Technologies like smart ear tags and wireless trough sensors, which replace labour-intensive jobs with equipment that doesn't require a massive initial or ongoing outlay, are being snapped up.
The fact these technologies are now a few years down the track and proving they are worth their salt has combined perfectly with the current economic climate on farms to see their growth skyrocket.
In turn, the Australian companies behind the technologies are notching up phenomenal growth patterns and expanding globally.
Since its commercial launch less than a year ago at Beef Australia in Rockhampton, Ceres Tags are now being exported to 19 countries.

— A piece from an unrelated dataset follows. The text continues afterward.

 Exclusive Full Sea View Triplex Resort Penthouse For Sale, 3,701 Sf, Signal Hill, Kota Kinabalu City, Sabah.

Over the next few months, the company is expected to run one of the largest ever agtech capital raisings in Australia to allow for further international expansion, including the opening of an office in the United States.

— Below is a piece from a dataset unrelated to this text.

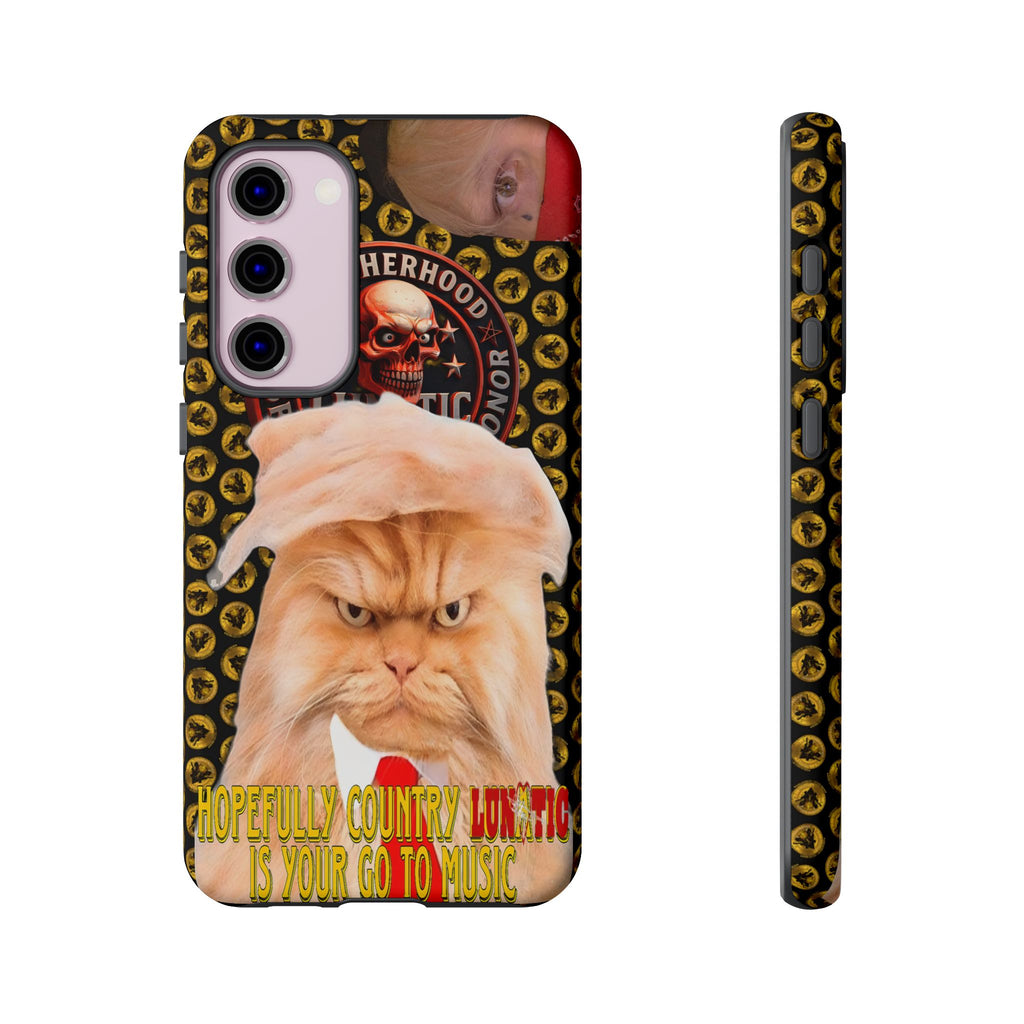 Phone Case - Kitty Country Lunatic Music Lover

It was a rancher from Montana who made the first e-commerce purchase of Ceres Tags on launch day last May.
A solar-powered device that enables livestock owners anywhere around the world to capture real time information on their stock without being on-the-spot, the Ceres system is the world's first animal monitoring information platform with direct-to-satellite capability through a proprietary smart ear tag.
It allows for monitoring of biosecurity, health, welfare, performance, and traceability and provenance of the supply chain network, including theft detection.
An algorithm has been developed utilising the accelerometer in the tag, which samples the pattern of behaviour over a rolling six-day period. The tag is continuously utilising machine learning to update and inform this metric.
It was invented by David and Melita Smith, fifth-generation Queensland cattle producers.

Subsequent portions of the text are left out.